Segnalazione: "L’acrobata funesto"

Da fine giugno è in libreria un romanzo tutto giallo che ha destato in me molta curiosità. 
Un romanzo sulla verità, o meglio, sul tipo di verità che ‘viviamo’ nel nostro mondo. Un romanzo che forse è difficile inquadrare, e che per questo mi affascina moltissimo.
Chi di voi lo leggerà con me?
L’ACROBATA FUNESTO
di Guido Rampoldi
“Mi resta appena il tempo per avvertire che in questo Paese la verità è quella cosa che comincia in un modo e finisce in tutt’altro. Io posso dire come cominciò.”
Attende il suo turno a un celebre talk-show: è un bambino, un mostro, un fenomeno, si dice, con formidabili doti acrobatiche: il guaio è che, appena entrato in studio, il bambino si mette a levitare nell’aria. Nessuno si spiega cosa sia accaduto, ma il fatto che sia accaduto si ripercuote ovunque, soprattutto in rete.

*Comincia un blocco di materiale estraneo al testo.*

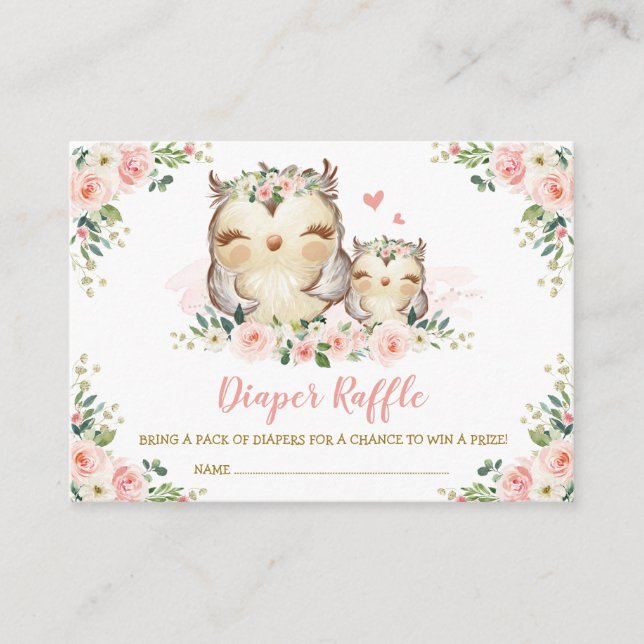 Cartão De Informações Raparigas Selva Safari Animais Selvagens Fralda Ra (Frente)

Chi è l’acrobata funesto? Un bambino deforme capace di balzi innaturali? Un angelo pagano che non ha nome in alcun vocabolario del mondo? Una creatura sognata, il prodotto allucinatorio di una suggestione collettiva?
La cartella relativa all’acrobata funesto finisce sulla scrivania di un analista dei Servizi segreti mandato a Roma per riaversi da quello viene chiamato “disturbo post traumatico da stress”, “un dolore senza origine e senza oggetto” tipico dei reduci dalle guerre ipermoderne. Nella cartella rapporti di polizia, stralci di blog e pagine di diario. La ricerca porta lontano, porta nelle patrie defunte dell’Est, disegna un labirinto di complotti, di identità nazionali, di identità religiose, di cospirazioni sino a lasciar intravedere l’abisso minaccioso della disinformazione come pratica politica e strumento di controllo. La rete è l’habitat ideale per far crescere giungle di specchi. E’ lì che si nasconde l’acrobata funesto?
Guido Rampoldi scrive un romanzo mozzafiato, scandito da apparizioni e sparizioni, spiazzante e seduttivo come una mappa del tesoro – salvo che al posto dell’oro c’è il potere, dove la verità è progettata a tavolino, per confondere, abbagliare, disorientare. 
EDITORE: Feltrinelli
PAGINE: 256
PREZZO: € 16,00
PUBBLICAZIONE: 27 Giugno 2012
L’AUTORE:
Guido Rampoldi è giornalista e inviato speciale del quotidiano “la Repubblica”. Esperto di Medio Oriente e mondo islamico, ha scritto L’innocenza del male. Dalla guerra fredda all’Iraq (Laterza 2003), I giacimenti del potere. A chi appartiene oggi il potere (Mondadori 2006) e, per Feltrinelli, La mendicante azzurra (2008) vincitore nel 2009 del Premio Bagutta sezione Opera Prima. Nel 2007 ha vinto il premio Barzini per l’inviato speciale.